I've been using one of those $30 DX MCE-P7 lights on my bike for a year now and it's OK. I combine it with a Jetbeam III on the helmet and have a good balance between flood and throw as well as fixed direction vs any direction. But I keep thinking that P-rocket is nice enough and bright enough to be a fun^H^H^H good upgrade.


----------



## how2 (Jul 15, 2010)

joe1512 said:


> A Deal Extreme light. But any of the 2x18650 lights cost around 70 bucks anyways, so you mine as well get a more mainstream option with better support.
> 
> Its too bad there are no commercial triple XP-G lights (except for the TK45 which is 150 bucks!). That would be quite efficient, produce good output with less heat concerns.
> 
> Good luck!


The Ultrafire UF-600L is a light that has 3 cree r5 xpg leds and is 1045(high) and 280(low) is around $61.89 wholesale.

I would give you a link but DM51 will delete it.


----------



## aurum (Jul 15, 2010)

The UF_600-L is 55.39$ @ kaidomain


----------



## joe1512 (Jul 15, 2010)

how2, Ive had ok luck posting links.

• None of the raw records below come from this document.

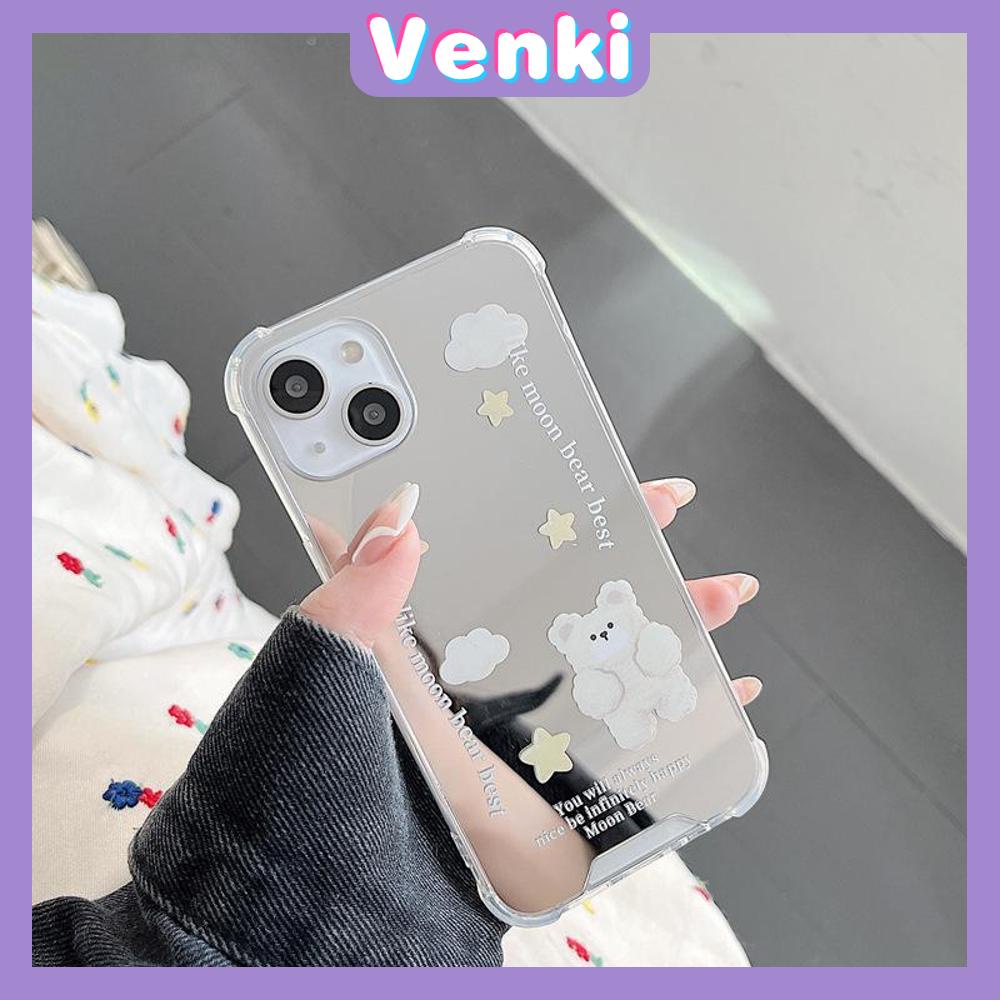 iPhone Case Acrylic Mirror Airbag Shockproof Protection Camera Cloud Cute Bear Compatible with iPhone 11 iPhone 13 Pro Max iPhone 12 Pro Max iPhone 7 Plus iPhone xr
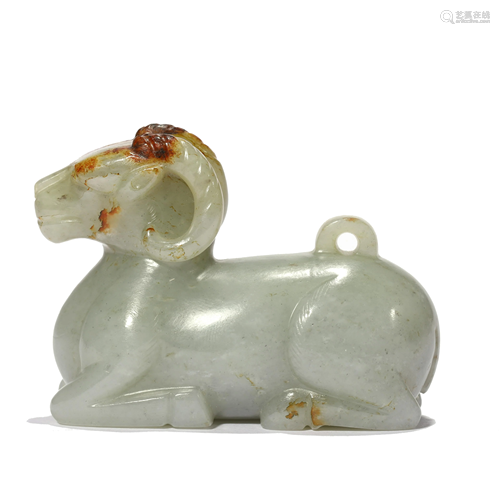 A Carved Celadon Pale Jade Ram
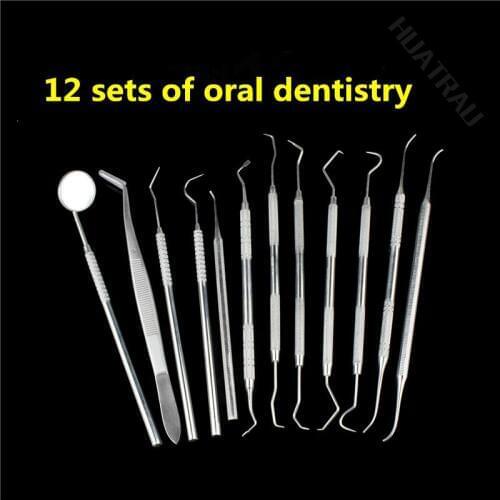 Oral Dental Material 12 pc of Medical Oral Mirror Tweezers Probe Cleaning Hook Water Gate Filler tool plaque Cleaner Pick teeth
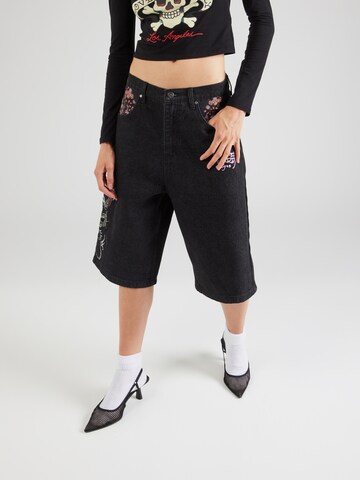Ed Hardy Loosefit Jeans 'GREY DRAGON' i sort
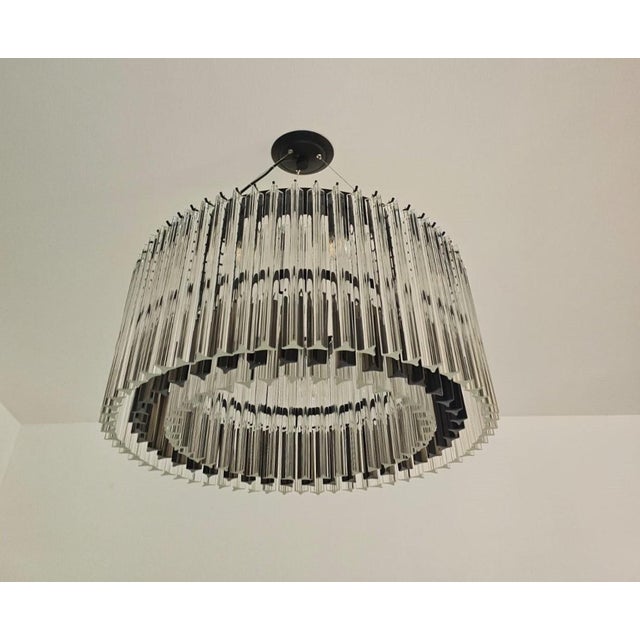 Black Vintage Trihedral Ceiling Light with Murano Glass Prisms, 1957 For Sale - Image 8 of 11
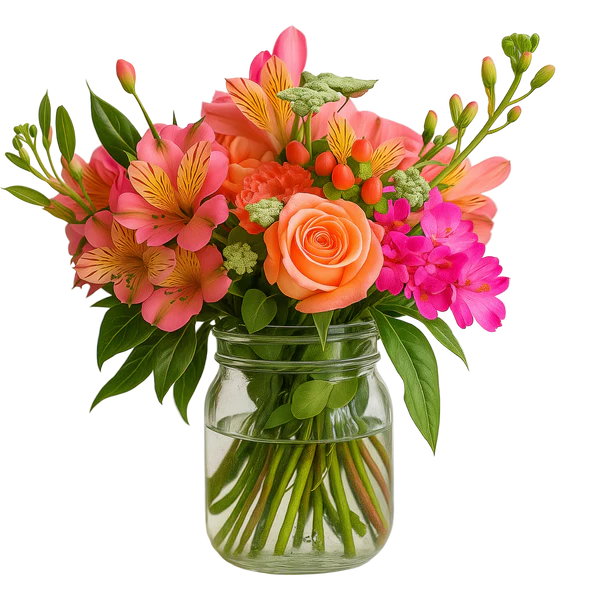 Pot Mason "Lever de Soleil" - Roses Assorties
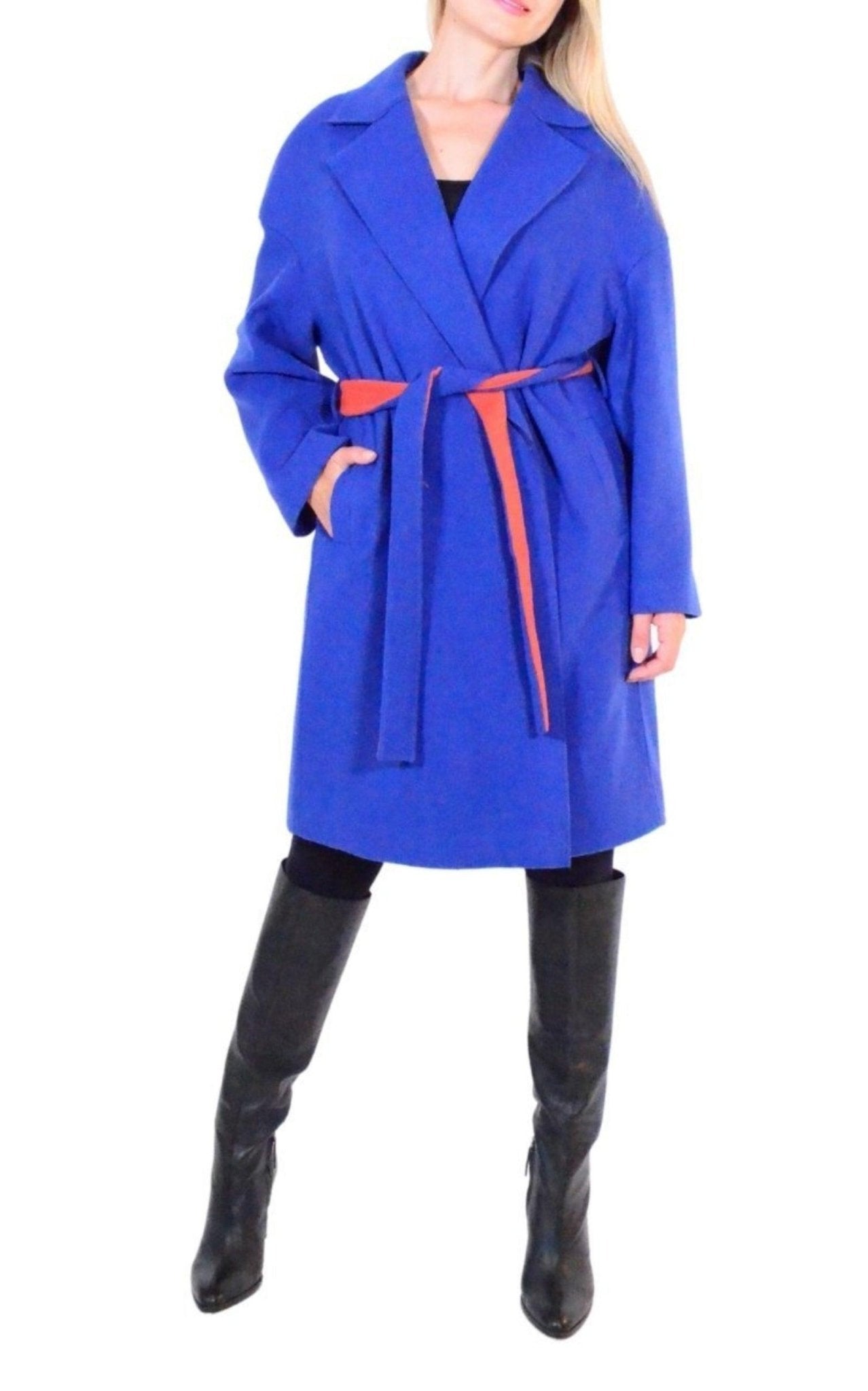 Cult Moda Blue Belted Wrap Trench Coat - Runway Catalog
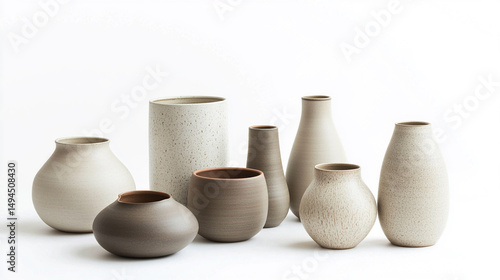 Neutral ceramic vase arrangement on clean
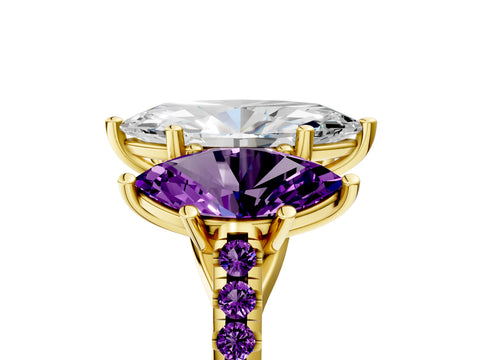 Yellow gold Three-Stone Marquise Cut Diamond Ring with Round with Amethyst side stone Pavé Band and Prong Setting_5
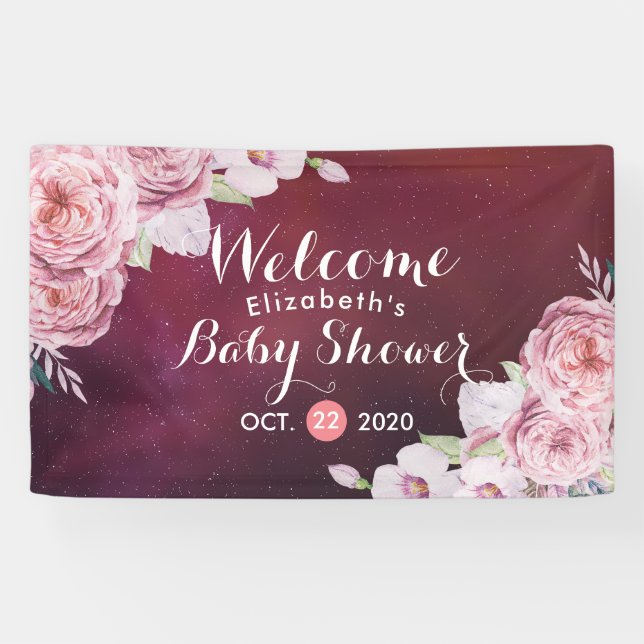 Banderoles Baby shower Chic Boho Plumes florales Bourgogne Ro (Horizontal)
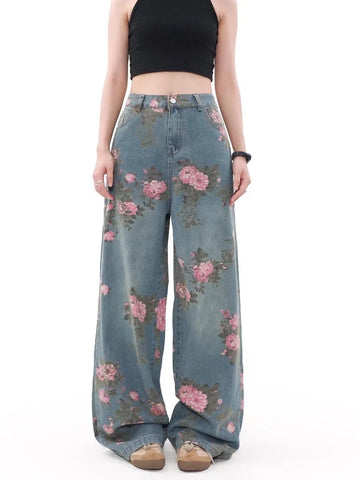 Funky Retro Rose-Patterned Mid-Waisted Palazzo Jeans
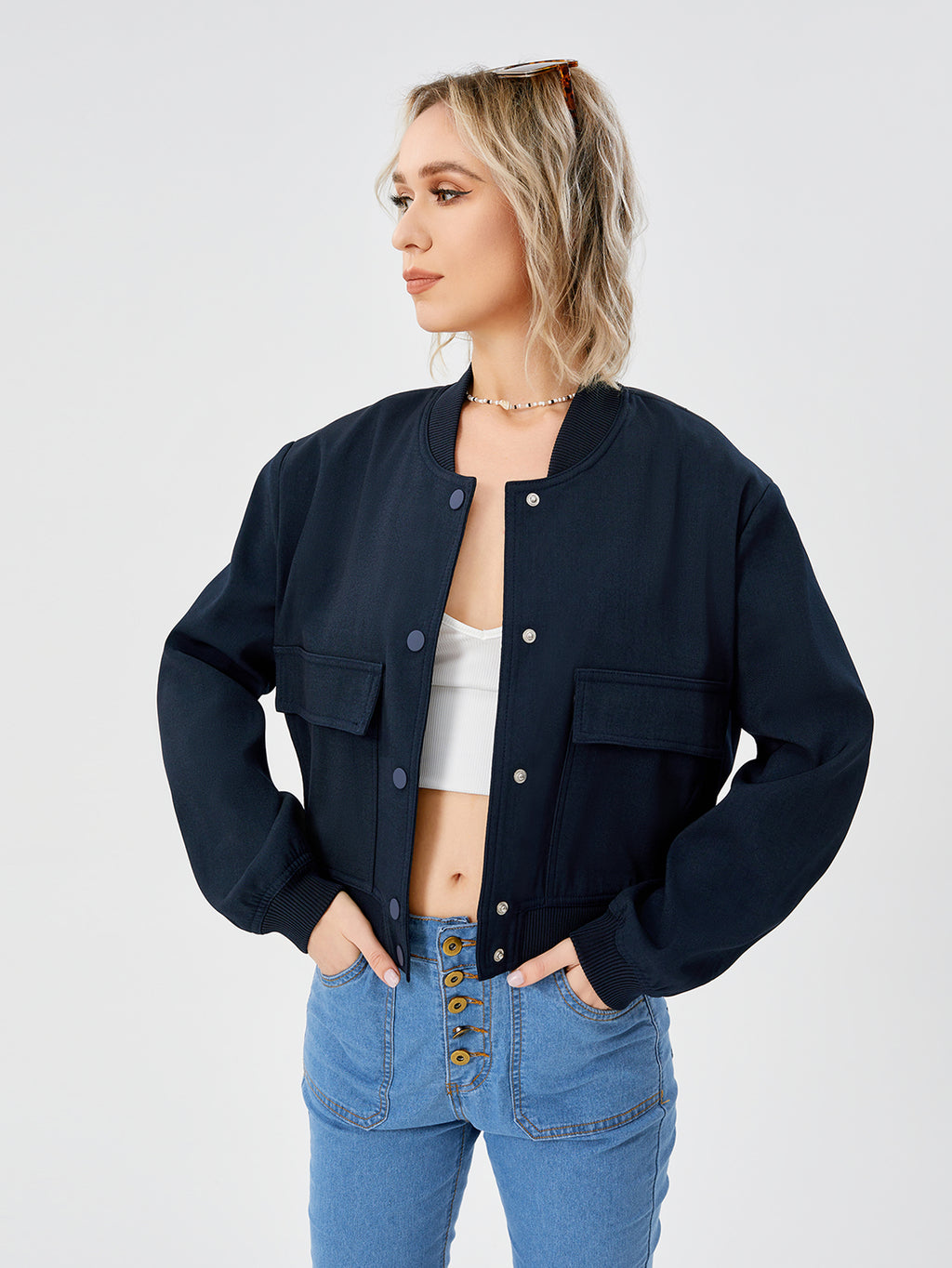 Edvige Cropped Varsity Bomber Jacket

I am posting the links as examples to illustrate a point usually.

I think they only want to restrict links when you are 'pushing' a product or vendor unnecessarily.

Regarding the polestar, I think its battery efficiency is decent enough. It is reasonably close to 2x18650, but shorter and fatter vs longer and skinnier.

6 2000mah eneloops at 1.2 volts = ~14.4 watt hours.

2x18650s at 2400maH at 3.7 average volts = ~17.7 watt hours.


I would recommend getting a decent charger that has 6 battery bays, as charging 4 then 2 IS a big pain...


----------